Task statement: When you reach the line containing "AVERY Zweckform 2575" in the entries below, start writing out each line exactly, and stop after the line containing "Caslonr Caslon(r) Hearts".

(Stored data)
===============

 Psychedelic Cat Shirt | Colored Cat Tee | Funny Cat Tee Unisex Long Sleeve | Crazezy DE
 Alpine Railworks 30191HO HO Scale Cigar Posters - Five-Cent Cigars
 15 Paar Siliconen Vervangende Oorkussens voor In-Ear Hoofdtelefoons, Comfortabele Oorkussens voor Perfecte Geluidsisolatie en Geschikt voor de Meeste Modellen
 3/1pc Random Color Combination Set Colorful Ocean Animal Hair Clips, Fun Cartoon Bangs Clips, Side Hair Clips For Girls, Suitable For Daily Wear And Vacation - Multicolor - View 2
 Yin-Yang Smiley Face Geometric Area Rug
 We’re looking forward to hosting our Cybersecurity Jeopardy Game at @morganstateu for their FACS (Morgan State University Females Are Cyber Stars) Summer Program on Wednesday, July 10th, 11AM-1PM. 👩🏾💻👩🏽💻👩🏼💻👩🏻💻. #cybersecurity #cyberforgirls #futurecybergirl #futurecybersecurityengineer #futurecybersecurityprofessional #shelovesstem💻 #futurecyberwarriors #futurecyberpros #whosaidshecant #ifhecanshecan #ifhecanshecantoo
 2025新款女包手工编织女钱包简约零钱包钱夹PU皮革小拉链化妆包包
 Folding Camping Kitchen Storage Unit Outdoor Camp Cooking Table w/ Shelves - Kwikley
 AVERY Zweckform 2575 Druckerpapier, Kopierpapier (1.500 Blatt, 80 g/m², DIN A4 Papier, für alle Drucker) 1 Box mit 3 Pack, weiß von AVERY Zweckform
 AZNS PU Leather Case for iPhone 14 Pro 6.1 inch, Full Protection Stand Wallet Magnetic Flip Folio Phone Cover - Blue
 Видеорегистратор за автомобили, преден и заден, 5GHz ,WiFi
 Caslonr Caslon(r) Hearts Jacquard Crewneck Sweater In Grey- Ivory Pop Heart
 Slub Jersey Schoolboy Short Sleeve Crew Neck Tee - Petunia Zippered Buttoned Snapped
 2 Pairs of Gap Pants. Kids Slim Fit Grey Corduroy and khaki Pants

===============

Response to this task:
 AVERY Zweckform 2575 Druckerpapier, Kopierpapier (1.500 Blatt, 80 g/m², DIN A4 Papier, für alle Drucker) 1 Box mit 3 Pack, weiß von AVERY Zweckform
 AZNS PU Leather Case for iPhone 14 Pro 6.1 inch, Full Protection Stand Wallet Magnetic Flip Folio Phone Cover - Blue
 Видеорегистратор за автомобили, преден и заден, 5GHz ,WiFi
 Caslonr Caslon(r) Hearts Jacquard Crewneck Sweater In Grey- Ivory Pop Heart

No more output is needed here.